··· Record excerpts ···
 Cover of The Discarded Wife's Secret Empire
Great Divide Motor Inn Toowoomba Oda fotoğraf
···
··· Record excerpts ···
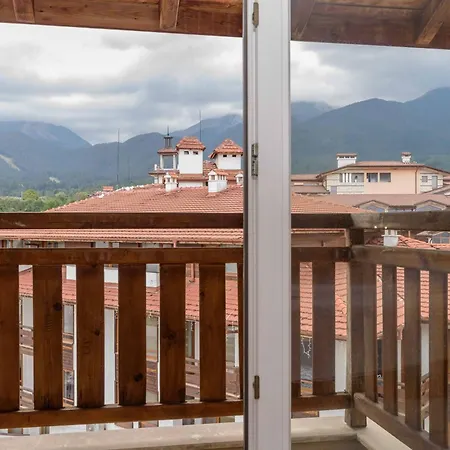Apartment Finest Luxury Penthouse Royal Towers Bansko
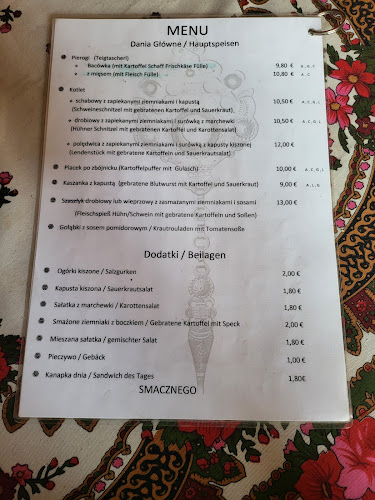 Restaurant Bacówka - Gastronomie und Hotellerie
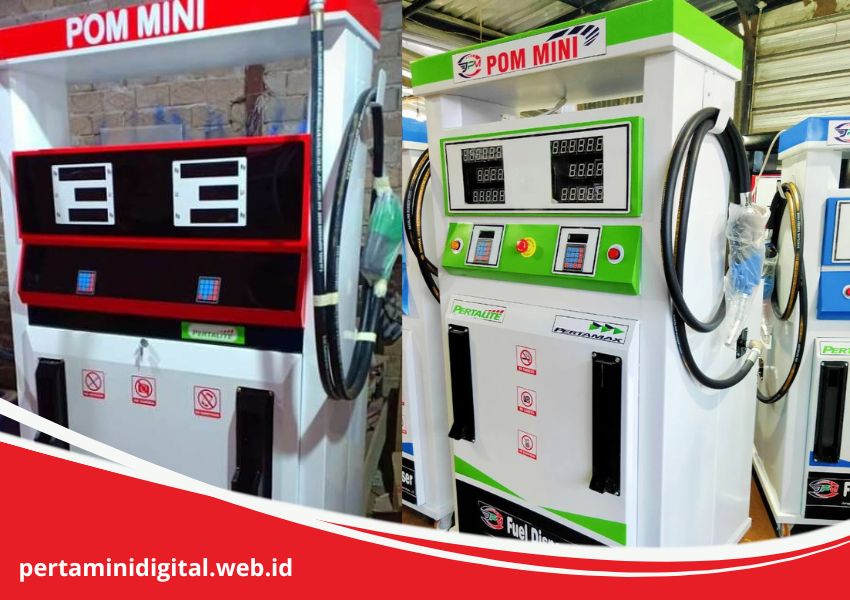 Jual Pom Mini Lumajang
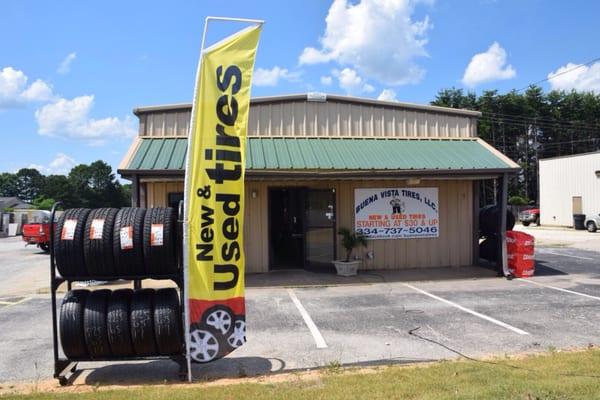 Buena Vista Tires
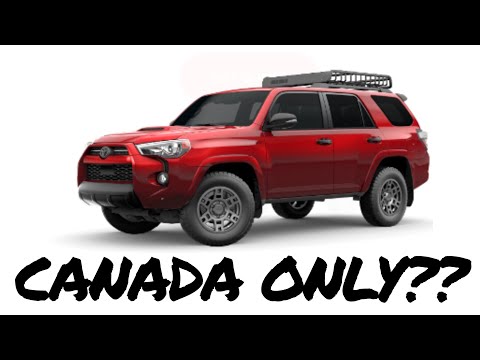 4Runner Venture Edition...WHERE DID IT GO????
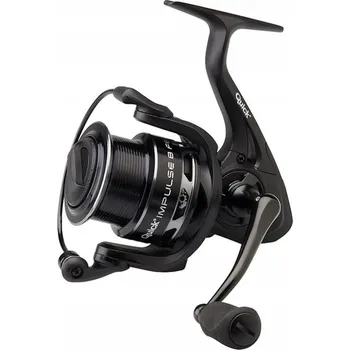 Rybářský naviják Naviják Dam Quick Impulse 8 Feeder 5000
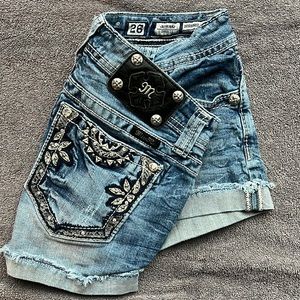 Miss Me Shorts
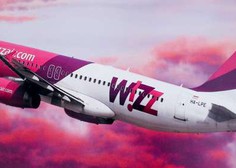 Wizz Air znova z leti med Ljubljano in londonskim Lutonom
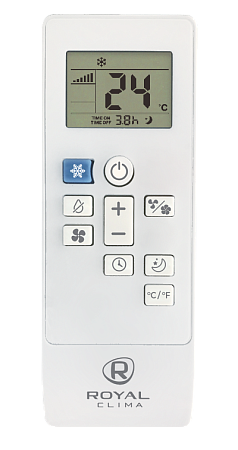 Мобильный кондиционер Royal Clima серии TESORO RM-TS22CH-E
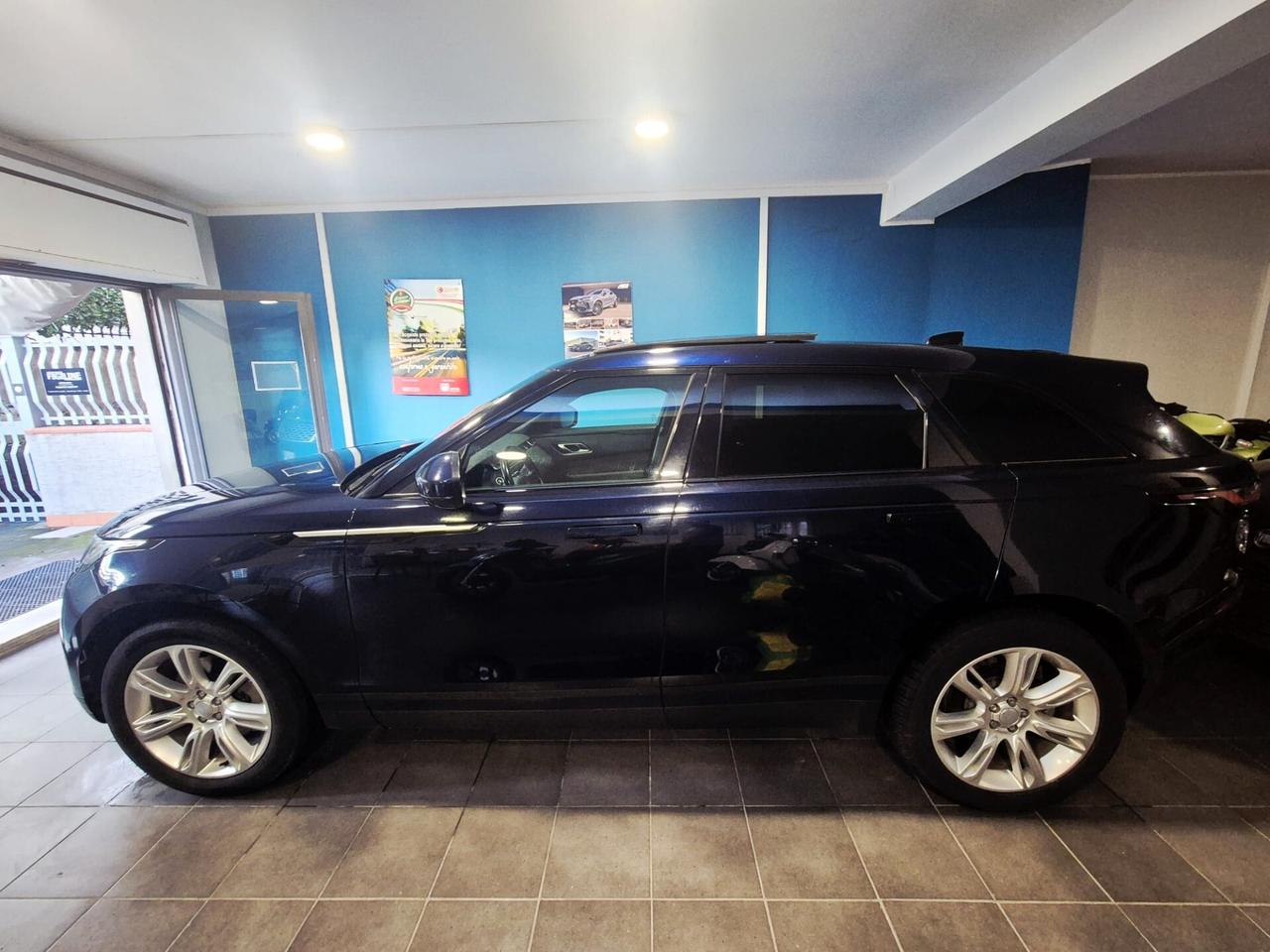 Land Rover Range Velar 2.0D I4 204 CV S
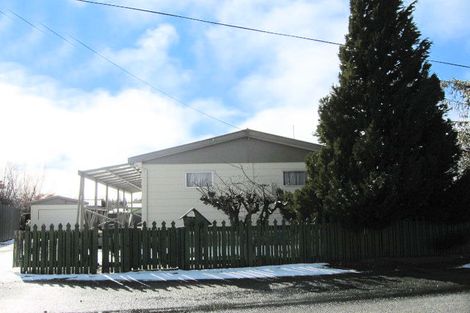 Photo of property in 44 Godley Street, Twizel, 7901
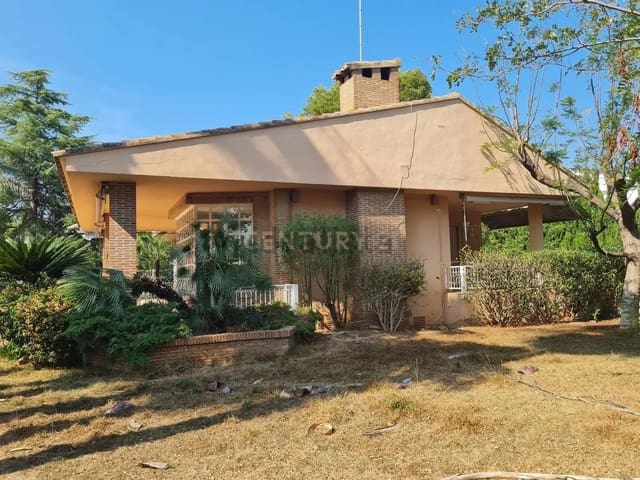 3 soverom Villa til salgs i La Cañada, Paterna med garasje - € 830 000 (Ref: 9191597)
···
**Work task**. Transcribe, exactly and without pictures, everything in the data from the line with "Мобильный кондиционер Royal" down to the line with "3 soverom Villa", both included.

**Expected output**.
 Мобильный кондиционер Royal Clima серии TESORO RM-TS22CH-E
 Land Rover Range Velar 2.0D I4 204 CV S
 Photo of property in 44 Godley Street, Twizel, 7901
 3 soverom Villa til salgs i La Cañada, Paterna med garasje - € 830 000 (Ref: 9191597)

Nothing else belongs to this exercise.